Post-WWI industrialization marked the turning point, and thus the stage was set for the post-independence industrialization spurt in India.
Early Indian Entrepreneurs
There were entrepreneurs who were able to survive Indians due to British dominance.
Visionary Indians overcame colonial constraints to create industries at a personal sacrifice that was huge.
Dwarkanath Tagore (Bengal) and Tata (Bombay) invested in industry.
Tagore went into shipping and coal, and J.N. Tata started the Tata Group with textiles followed by steel (Tata Steel, 1907).
Seth Hukumchand (Calcutta, 1917) established the first Indian jute mill.
His mill shattered British monopoly over jute, demonstrating Indians were capable of competing in mass industry.
Indian industrial development was stifled by British policy, with most profits going to Britain.
Competition from British companies, excessive taxation, and limited access to capital limited these pioneers' achievements.
These entrepreneurs were rebels of Indian determination, setting the stage for upcoming industrial giants following independence.
The Struggle of the Worker
The employees were rural-born, but work was scarce to find.

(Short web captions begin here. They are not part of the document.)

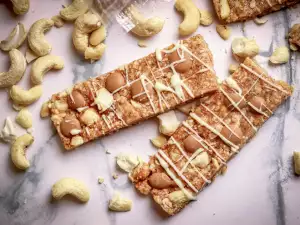 Knapperige proteine repen met cashewnoten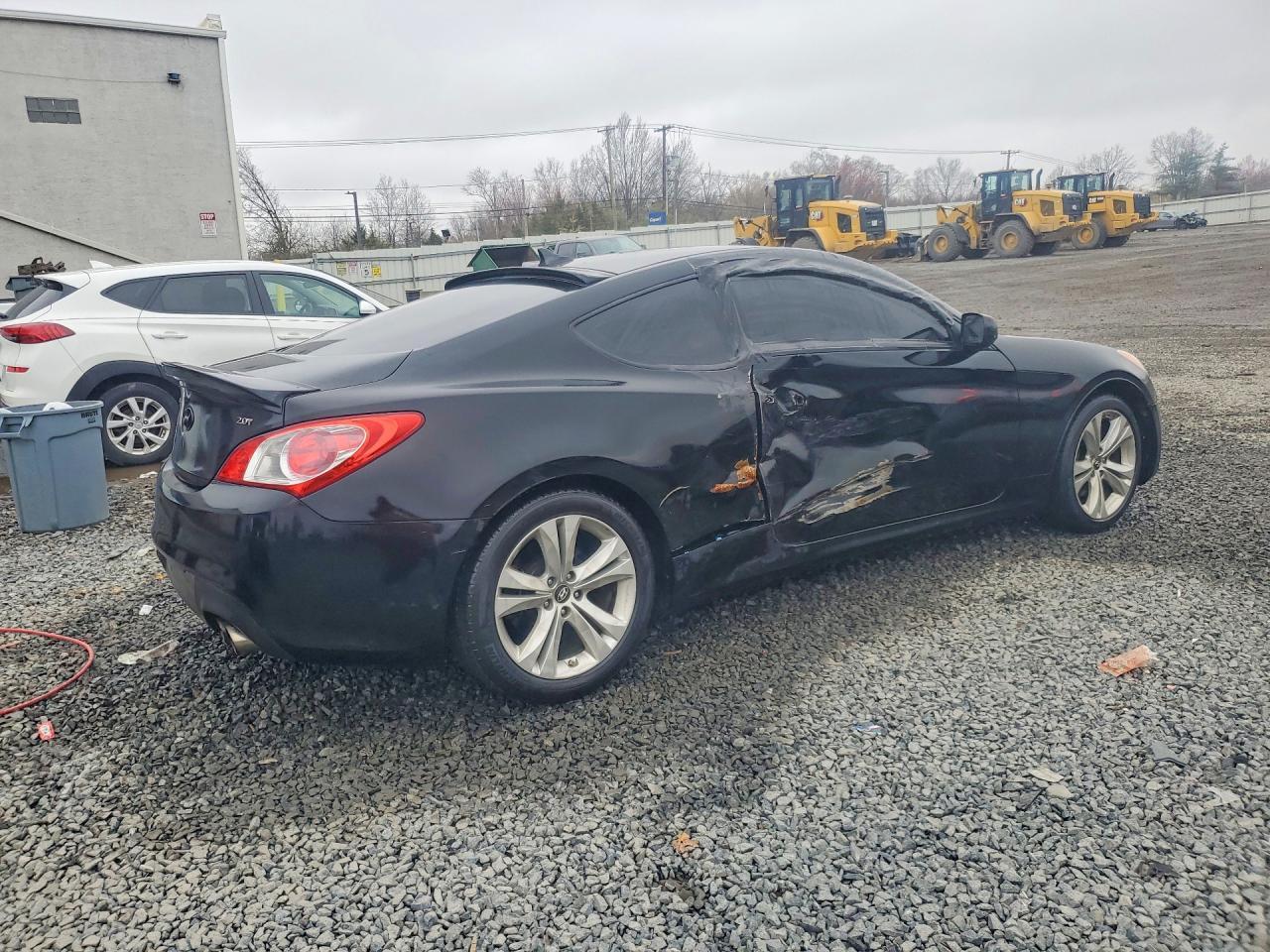 2010 Hyundai Genesis Coupe 2.0T - Фото 3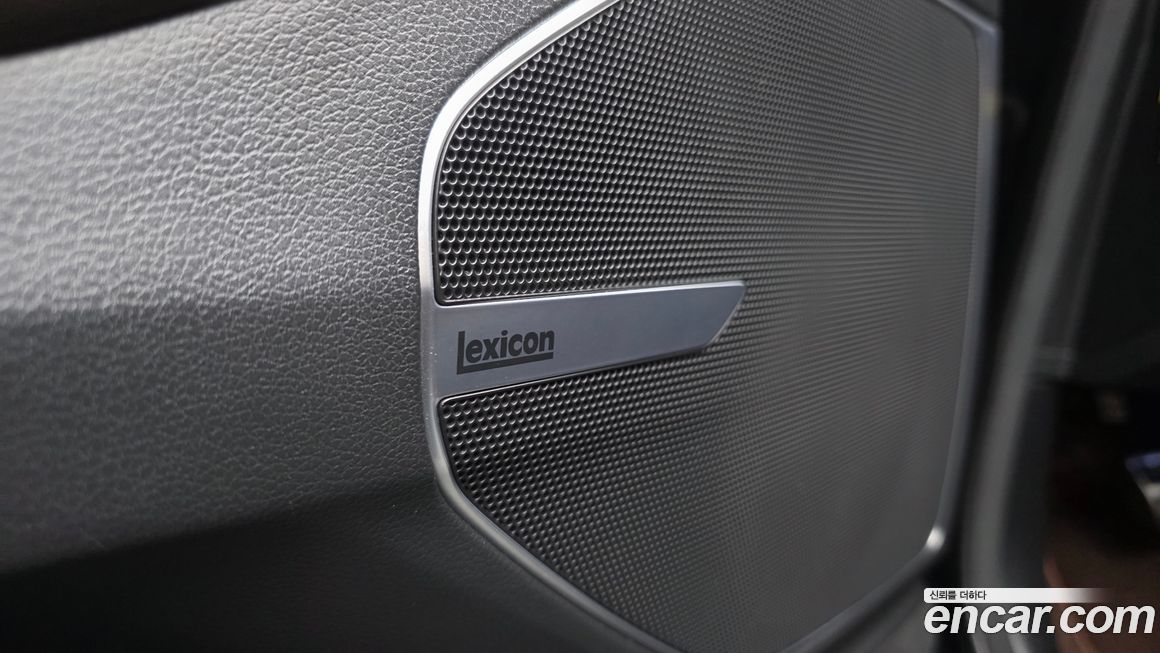 Genesis EQ900 2018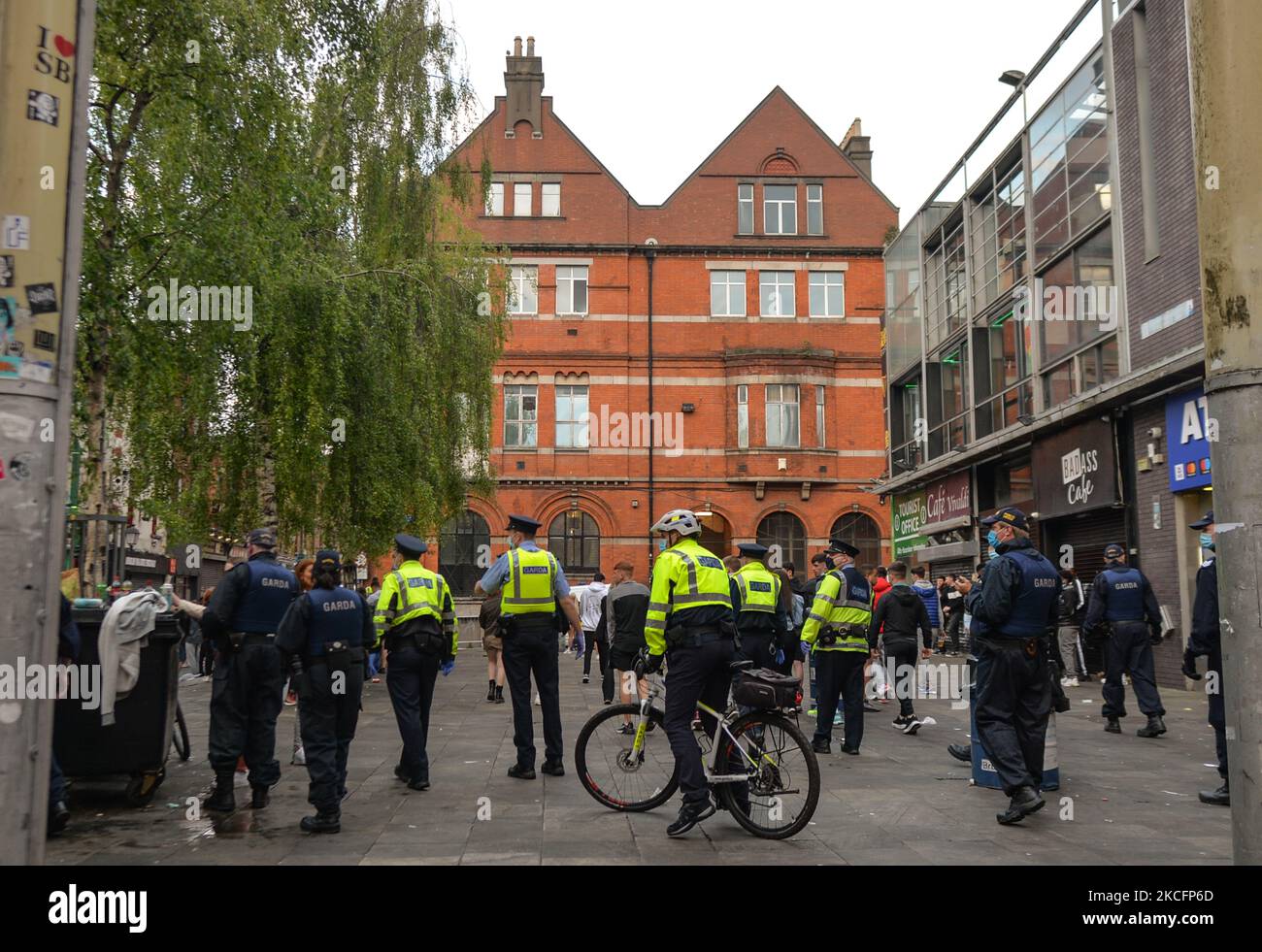 Members of Gardai enforcing coronavirus restrictions and relocating people from Temple Bar in Dublin. On Sunday, 6 June 2021, in Dublin, Ireland. (Photo by Artur Widak/NurPhoto) Stock Photo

The migrants were unskilled and had a surplus of labor in cities like Bombay and Calcutta.
Middlemen (jobbers) were hired by most industries to procure workers.
The jobbers were casual but omnipotent workers who preferred relatives or demanded bribes.
There was cutthroat competition, and the workers bribed jobbers for jobs.
There were not many jobs available, and the workers took bribes for even low-quality, irregular work.
Housing was poor with dozens living in overcrowded houses and irregular wages.
Slums had dozens in one room, and irregular work made families susceptible to hunger.
And so, with industrial progress, the workers faced grim hardships.
Industrialisation gave jobs but no protection, as a result of the first world phenomenon of factory life.
Jobbers exercised enormous powers and dominated early Indian labor relations in industrial cities.
Continuity of Handloom and Small-Scale Industries
As the factories prospered, small-scale industries also thrived.
Nothing was lost to the factories; rural artisans managed to survive during industrialization.
Most craftsmen managed to survive by improving handloom weaving.
Weavers introduced new looms, designs, or colors to keep up with changing tastes, reviving their art.
Coarser and finer hand-spun cloth persisted.
Aristocrats subsidized fine cloth (sarees), and rural poor subsidized coarse apparel, keeping handlooms active.
Artisans could compete with large industries with technological advancements.
Low-capital technology like fly-shuttle looms enhanced efficiency without the need for factory-scale investment.
This confirmed the coexistence of small-scale industries and factory industries in India.
It was different from Britain, where handlooms were about to become extinct, but the diversified market in India kept small-scale production afloat to survive.
This survival is reflective of the complex industrial trajectory that India took and even today has the combination of tradition and modernity.